Numerosi resti archeologici ci attestano come il garum fosse oggetto di commercio nel Mediterraneo, grazie al ritrovamento di anfore di ceramica che lo trasportavano.
In Italia la discendente più famosa del garum è senza dubbio la Colatura tradizionale di alici di Cetara, prodotto d’eccellenza della Costiera Amalfitana, diventata PAT regionale e Presidio Slow Food.
Anche la sardella calabrese, oramai rarità gastronomica di questa bellissima e ricchissima regione, è figlia del garum.
La sardella calabrese prevede l’utilizzo di novellame di pesce, peperoncino, finocchietto selvatico e, ovviamente, il sale.

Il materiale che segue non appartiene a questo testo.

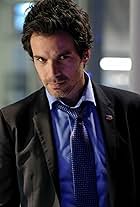 Santiago Cabrera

Conosciuta anche come rosamarina, nudilla o bianchetto, la sardella è una specialità tipica della provincia di Crotone ma è largamente diffusa in tutto il Basso ed Alto Ionio cosentino.
Per tradizione Crucoli (Kr), un piccolo comune della costa, è chiamata ‘la città della sardella’.
Qui, come in altre zone, il novellame di pesce impiegato per la sardella non è il bianchetto, ma la neonata di sarde (sardina pilchardus) o di alici di pochi centimetri, pescata localmente nel periodo di marzo-aprile.
Ma come si fa questa conserva ittica piccante e profumata?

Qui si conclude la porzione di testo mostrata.